Но напрасно ждали эти почтенные женщины хоть наималейшего благосклонного жеста с моей стороны, хоть ничтожнейшего кивка подбородком, - pardon, pardon, mon madams, прошу сердечнейше извинить меня, сладкие вдовушки, возможно, настанет когда-нибудь и ваш черёд, но сейчас… сейчас я спешу к НЕЙ, хочу ЕЁ, желаю и люблю (а люблю ли? – да, чёрт меня побери, - люблю!) только ЕЁ и ЕЁ единственную, и придётся вам, мои сладкогрудые красотки, вновь печально опускать свои роскошные формы в ещё не остывшие от ваших тёплых и ласковых тел пуховые перины, предвкушая не более чем просто сны, - такие же сладкие, мечтательные и несбыточные, как и сны любой из вдовствующих провинциалок…
А вот и её дом, - он неожиданно, как тень отца Гамлета в любительском спектакле, возник из-за укутанного утренним туманом восточного крыла скверно отреставрированной средневековой кирхи; кучер, получивший из моих щедрых рук два злотника на водку, направил свои кривые стопы к ближайшему кабаку; я же, подобно какому-нибудь дальневосточному урагану средней шквальности, уже не думая ни о чём, влетал в её распахнутые двери и нёсся по бесконечной анфиладе комнат и залов, не обращая ни малейшего внимания на такие мелочи, как замки, засовы, щеколды, горничные с лакеями, разнообразные гувернёры и служанки, и прочую неинтересную мне в данный момент дребедень.
Она всё ещё почивала в своей уютной спаленке, вытянувшись на огромной, как моя любовь, кровати под атласным розовым балдахином с мелкими оборочками по краям.
Братская могила пепельницы, наполненная до верху трупиками папирос (обугленно-скорбных и по непристойному дамских) сиротливо мостилась на изогнутом выступе трюмо; её туалет, такой воздушно-непорочный, ниспадал кружевами с резной спинки орехового стула эпохи Вырождения; пятна не выветрившейся до конца ночной тьмы скрадывали и размазывали пастельными (или же постельными?) полутонами все силуэты и абрисы её будуара; она всё ещё спала, точнее говоря, почивала на левой половине кровати, свесив с края пухлую с ямочкой руку и улыбаясь во сне чему-то одному ей понятному светлому и радостному; и солнце лёгкими касаниями своих лучей, едва пробивающимися сквозь тяжёлые бархатные портьеры в массивных слоновьих складках, золотило пушок на её щеке. «Здравствуй же, mon amour…» - сказал я.

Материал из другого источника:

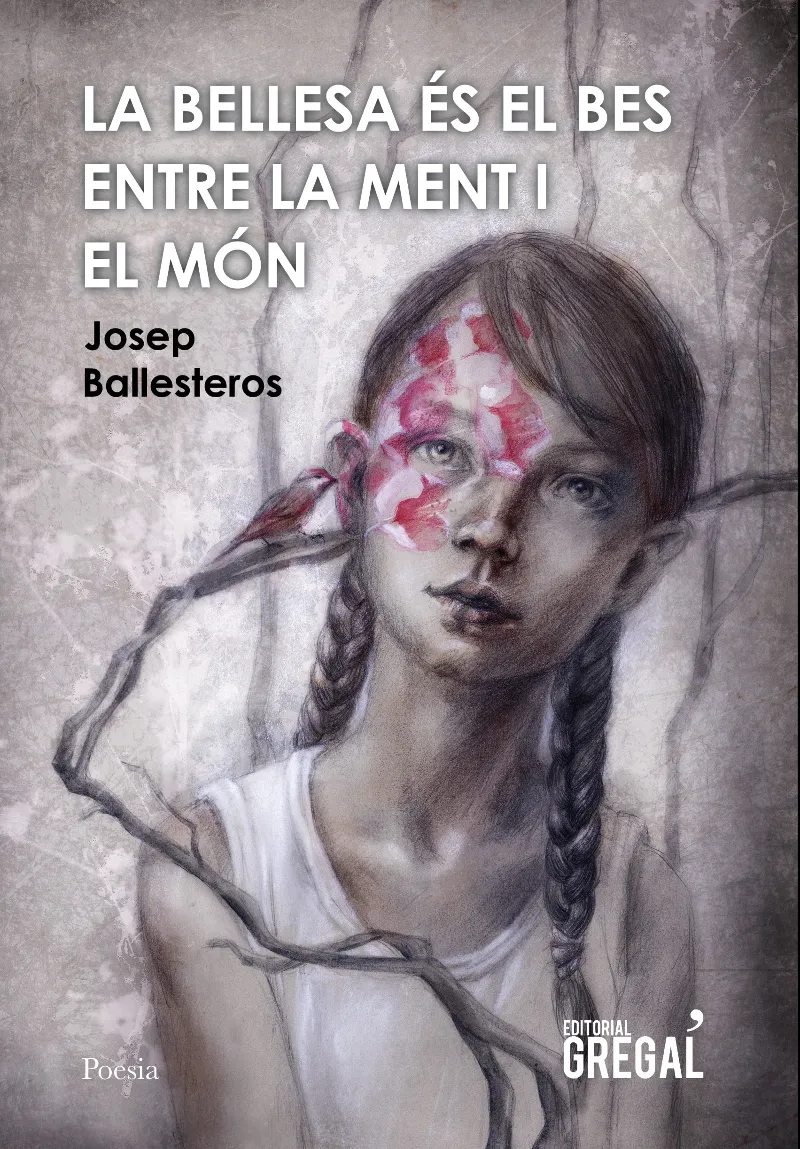 BELLESA ES EL BES ENTRE LA MENT I EL MON, LA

Она медленно приоткрыла глаза (о, эти волшебные глаза с загадочной цыганской поволокой!…), и, сердито склонив обрамлённое кудряшками личико набок, скорее констатировала, нежели спросила : «Шо, сцука, припёрся… Опять, значить, домогаться мну будешь… Опять, значить, падло, усе губы мене до крови пораскусуешь…»
Видимо, мои внутренние переживания явственно отразились на моём бледном лице, потому что она вдруг хитро улыбнулась и, сменив гнев на милость, произнесла : «Ну уж не пужайся, пацан, не пужайся! Пустю, пустю тебя, заразу… Ну шо ж ты, бля, медлишь? А ну бегом давай - вползай под одеяло… Тепло ить, говнюк, повыпускаешь!…»

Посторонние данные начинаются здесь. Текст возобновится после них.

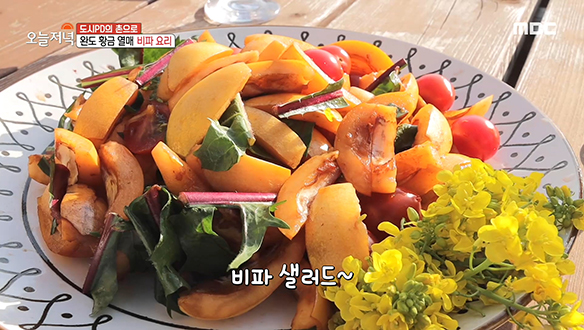 열매를 비롯해 잎까지 버릴 것 하나 없는 황금빛 열매 '비파' 클립 이미지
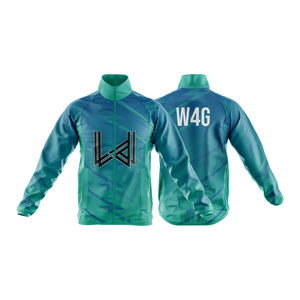 Men's Casual Spring Wear Nylon Coated Windproof Windbreakers Breathable Eco Friendly Pattern Turtleneck Collar Zipper Closure - Product Image 6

И я нырнул, нырнул, очертя голову, в её жаркие душистые объятия; и ветер неистовства растрепал и свил в единое целое наши волосы; губы, чресла и тела соединились; и даже гипсовый облупленный амурчик с напольных «Буре», казалось бы, уже привыкший ко всему, и тот стыдливо потупился, опустив смущённый взгляд долу; а сладкоголосая птица соловей всё пела и пела под окном, вкладывая в звуки своих трелей всю страсть, всю нежность, всю сладострастность и греховность вуайеризма нашей неистовой любви…
«Соловей…» - прошептал я в тягостном упоении обоюдного оргазма.
«Тю, дурыла!… Да цэ ж коростель курлычеть!… Зоолог, бля, жопа в ракушках…» - пробасила в ответ моя непредсказуемая мадонна и, крепка притянув меня к себе своими толстыми рыхлыми ручищами, сладко отрыгнула мне в лицо вчерашним портвейновым перегаром…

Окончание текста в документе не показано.